En síntesis, la deuda externa es funcional a aquellos intereses que en los países ricos se reciclan buscando nuevas oportunidades que no encuentran internamente, ayudados por las políticas de apertura, desregulaciones, atraso cambiario (en nuestro caso con la convertibilidad) y privatizaciones en los lugares donde se dirigen. Las maniobras de los fondos buitre representan los últimos beneficios del negocio. Actúan como un falso mendigo que escarba los restos de un plato de comida ajena y anidan en los paraísos fiscales.
El reconocido economista americano Albert Fishlow, en su ensayo “Lessons from the Past” (1985), hace un balance de las causas de la crisis de los años treinta y señala que el Comité Estadounidense del Senado sobre la Banca y el Sistema de Divisas se pronunció en términos muy severos acerca del comportamiento nefasto de los bancos inversores en la década anterior. Decía ese Comité: “La historia de las actividades de los banqueros inversores en la venta de paquetes de valores extranjeros constituye una de las páginas más escandalosas de la historia de la banca norteamericana de inversiones. La venta de estos valores se caracterizaba por prácticas y abusos que constituían violaciones a los principios más elementales de la ética comercial”.
En verdad, como lo confesaba Madeleine Albrigth, secretaria de Estado de Clinton, las actividades cubiertas por el financiamiento externo deberían contribuir a crear nuevos empleos en Estados Unidos, a expandir las exportaciones de bienes y servicios norteamericanos y a otorgar ventajas a sus empresas en el mercado global. En verdad no fue exactamente así y la salida de capitales en busca de mano de obra barata en Asia y en otros lados, terminó perjudicando la supremacía norteamericana y creando la amenaza china.
Lewis Carroll, en un cuento maravilloso como el de Alicia, narraba sobre un sastre que había hecho un traje a un profesor y quería cobrárselo diciendo que no tenía problema en recibir el pago un año más tarde, pero que por los intereses de su deuda le saldría el doble. Su avidez de ganancias contrastaba con la especulación del profesor, que pensaba que si dejaba pasar el tiempo quizás el sastre se moriría antes y no tendría que pagar nada. Nosotros sabemos que las posibilidades que el FMI deje de funcionar son casi nulas, pero las grandes compañías financieras igualmente ávidas como el sastre sí pueden morir, como ocurrió con muchas de ellas en la crisis de 1930 y con Lehman Brothers en 2008. O es posible que terminen aceptando quitas, canjes o reestructuraciones de sus acreencias. En este caso, también ellas deberían preocuparse.

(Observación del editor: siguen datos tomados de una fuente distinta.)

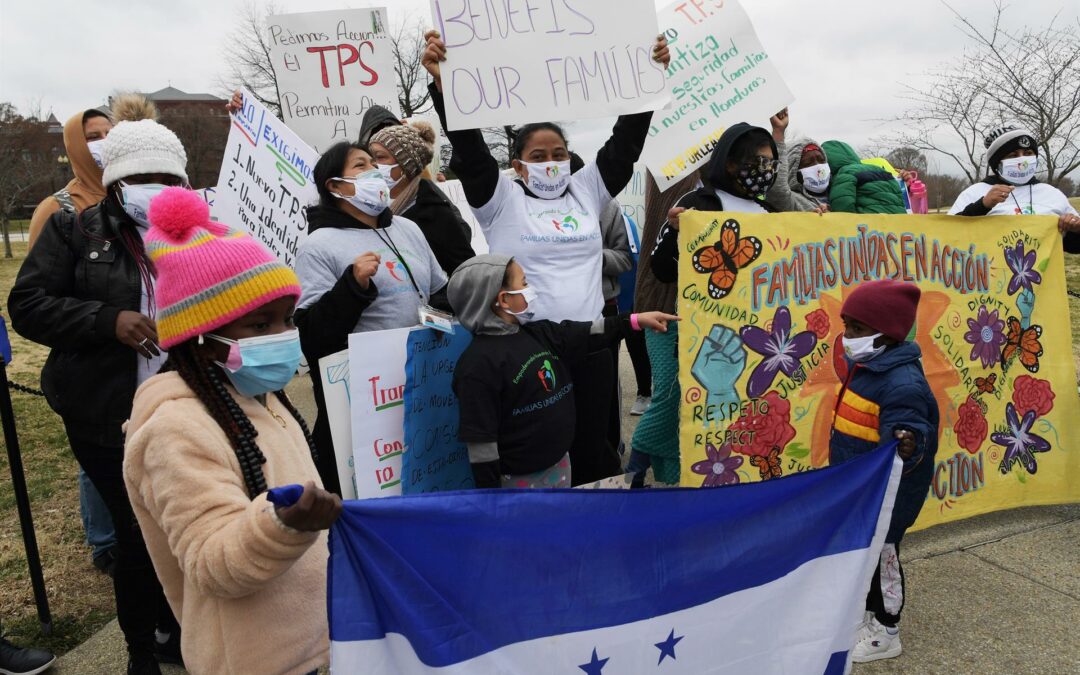Grupos proinmigrantes piden a Kamala Harris apoyar TPS a 400.000 hondureños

Esas preocupaciones ya empezaron porque Trump mismo despidió a David Lipton, el segundo principal funcionario del FMI, en gran medida por su responsabilidad en el abultado préstamo a la Argentina y el corto calendario de pagos, comprometiendo la capacidad de retorno del préstamo o abriendo la posibilidad de un default. En tanto, la primer responsable, Madame Lagarde, jefa de Lipton, tuvo que irse antes de ese organismo a través de una renuncia. Lagarde ya había manchado su reputación por negligencia en un caso de malversación de fondos públicos como ministra de economía de Francia. En 2011, cuando fue designada en el FMI, la prensa norteamericana advertía que sus antecedentes podían desestabilizar a ese organismo. Y eso en los hechos fue lo que pasó.
De todos modos, resulta de interés postergar pagos imposibles de abonar hasta que podamos vivir y crecer sin el respirador artificial de la deuda. Un default argentino sería, en este caso una mortaja dura de llevar para los organismos financieros internacionales y los países que los sostienen, ya punidos en Grecia y en la crisis de 2008. Las visitas de Alberto Fernández a dirigentes europeos, quizás ayudaron a ver la realidad. Ahora les toca mover a ellos. Es una partida complicada no sólo para el deudor sino también para los acreedores.